Speak in Data. Dream in Color. The New Formula for Enduring Brands

October 31, 2025by Hiebing

Marketing today isn’t for the faint of heart. It’s a high-speed circuit where algorithms shift overnight, consumer behaviors flare and fade by morning and economic uncertainty keeps everyone guessing. In this race, CMOs are asked to be both artist and analyst—to deliver measurable results while building brands that move people.

But when the pressure mounts, brand budgets are often the first to take a hit. On paper, it makes sense: Cut the “soft stuff,” boost the metrics. In practice, it’s short-sighted. Because the brands that only chase the data lose the story—and without story, the numbers eventually stop adding up.

The Mirage of the Quick Win

It’s easy to reach for the tactical tool belt to bolster times of uncertainty. Double down on paid media. Shift spend to performance and chase the instant gratification of clicks and conversions. But short-term success can be a mirage. When you silence brand investment, awareness fades, trust erodes and future efficiency becomes a harder hill to climb. While short-term activation delivers that quick win, it plateaus quickly. Long-term brand-building compounds over time. It creates pricing power, customer loyalty and sustainable growth. Data tells you what’s working now. Investing in your brand story leverages today’s data to tell you what will continue to work in the future.

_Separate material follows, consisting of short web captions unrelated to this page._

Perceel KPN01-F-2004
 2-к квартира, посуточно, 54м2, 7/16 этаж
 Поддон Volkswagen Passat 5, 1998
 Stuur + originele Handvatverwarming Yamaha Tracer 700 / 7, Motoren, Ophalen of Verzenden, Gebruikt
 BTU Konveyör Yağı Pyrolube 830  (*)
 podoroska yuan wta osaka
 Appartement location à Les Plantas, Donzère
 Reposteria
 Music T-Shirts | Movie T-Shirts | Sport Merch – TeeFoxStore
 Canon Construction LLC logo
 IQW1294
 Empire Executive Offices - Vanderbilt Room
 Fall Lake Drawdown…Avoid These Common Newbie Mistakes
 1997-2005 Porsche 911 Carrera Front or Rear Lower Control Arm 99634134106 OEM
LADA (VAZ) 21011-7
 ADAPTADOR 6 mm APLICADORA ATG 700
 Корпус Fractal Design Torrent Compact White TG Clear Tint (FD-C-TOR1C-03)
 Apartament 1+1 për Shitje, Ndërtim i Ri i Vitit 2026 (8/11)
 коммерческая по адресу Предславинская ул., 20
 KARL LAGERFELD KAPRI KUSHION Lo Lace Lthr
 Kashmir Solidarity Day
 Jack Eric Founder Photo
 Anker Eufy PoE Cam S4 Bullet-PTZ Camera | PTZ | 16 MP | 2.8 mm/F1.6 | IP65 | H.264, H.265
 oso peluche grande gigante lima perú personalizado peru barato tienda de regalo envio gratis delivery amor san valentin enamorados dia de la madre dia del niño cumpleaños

The 60/40 Balance: Turning Insight into Imagination

Les Binet and Peter Field’s “60/40 Rule” is a classic marketing study that states that 60% of your spend should fuel long-term brand-building and 40% should drive short-term activation. Their research analyzed just under 1,000 cases which spanned over 700 brands, concluding in this optimal split. Their most recent update pushes those percentages even further apart in favor of more brand-building: 62% brand, 38% activation. That balance is what separates sustainable growth from fleeting spikes.

Yet, too many brands flip the ratio, letting quarterly dashboards dictate creative decisions, especially inside of digital touchpoints. Data without vision becomes noise. But when data and creativity dance together, the results compound. It’s not about choosing logic or magic. It’s about blending both—speaking in data while dreaming in color.

Emotion Is the Algorithm

Binet and Field’s research makes it clear: Allocation alone won’t move the needle if the story doesn’t resonate. The brands that win are the ones that connect emotionally, build memory and stay mentally available when it counts. In a digital-first world, creative quality matters more than ever.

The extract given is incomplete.